Let $n$ be give a positive integer, $a_{i} \ge 0$,such that $a_{1}+a_{2}+\cdots+a_{n}=n$. Find the maximum value of $$(n^{n-1}-1)\sqrt[n]{a_{1}a_{2}\cdots a_{n}}+\sqrt[n]{\dfrac{a^n_{1}+a^n_{2}+\cdots+a^n_{n}}{n}}$$

Using AM-GM we have $$\sqrt[n]{a_{1}a_{2}\cdots a_{n}}\le\dfrac{a_{1}+a_{2}+\cdots+a_{n}}{n}=1$$

But other hand we have $$a^n_{1}+a^n_{2}+\cdots+a^n_{n}\ge\dfrac{1}{n^{n-1}}(a_{1}+a_{2}+\cdots+a_{n})^n=\dfrac{1}{n^{n-1}}$$

Answer 1

dezdichado's answer is correct, I'll just write out all the computations.
Clearly the maximum value is $n^{n-1}$. Let $X = \frac{1}{n}\sum a_i^n$ and $Y=\prod a_i$. We would like to show that $\left(n^{n-1}-1\right)\sqrt[n]{Y}+\sqrt[n]{X}\le n^{n-1}$
Expanding and using AM-GM: $$n^n=\left(\sum a_i\right)^n=\sum a_i^n+\sum_{|\alpha|=n} \left(\begin{matrix}n\\ \alpha\end{matrix}\right)a^\alpha\ge nX+\left(n^n-n\right)Y$$ So $$n^{n-1}\ge X+\left(n^{n-1}-1\right)Y $$ Now applying Hölder's inequality gives us: $$\left[X+\left(n^{n-1}-1\right)Y\right]\left(1+n^{n-1}-1\right)^{n-1}\ge \left(\sqrt[n]{X}+\left(n^{n-1}-1\right)\sqrt[n]{Y}\right)^n$$ Simplifying that results in $$n^{n-1}n^{(n-1)^2}=\left(n^{n-1}\right)^n\ge \left(\sqrt[n]{X}+\left(n^{n-1}-1\right)\sqrt[n]{Y}\right)^n$$ Which completes the proof.
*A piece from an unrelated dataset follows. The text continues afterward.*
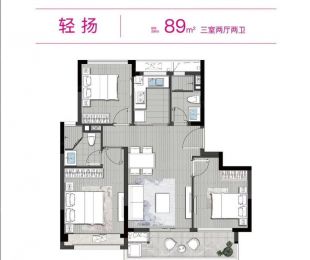 样板图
So the maximum value is $n^{n-1}$ when all $a_i$ are equal to $1$

Answer 2

Hint: Expand $n^n = (a_1+a_2+...+a_n)^n = a_1^n+a_2^n+...+a_n^n+\sum a_1^{k_1}a_2^{k_2}...a_n^{k_n}$ and now use AM-GM on the last $n^n-n$ terms.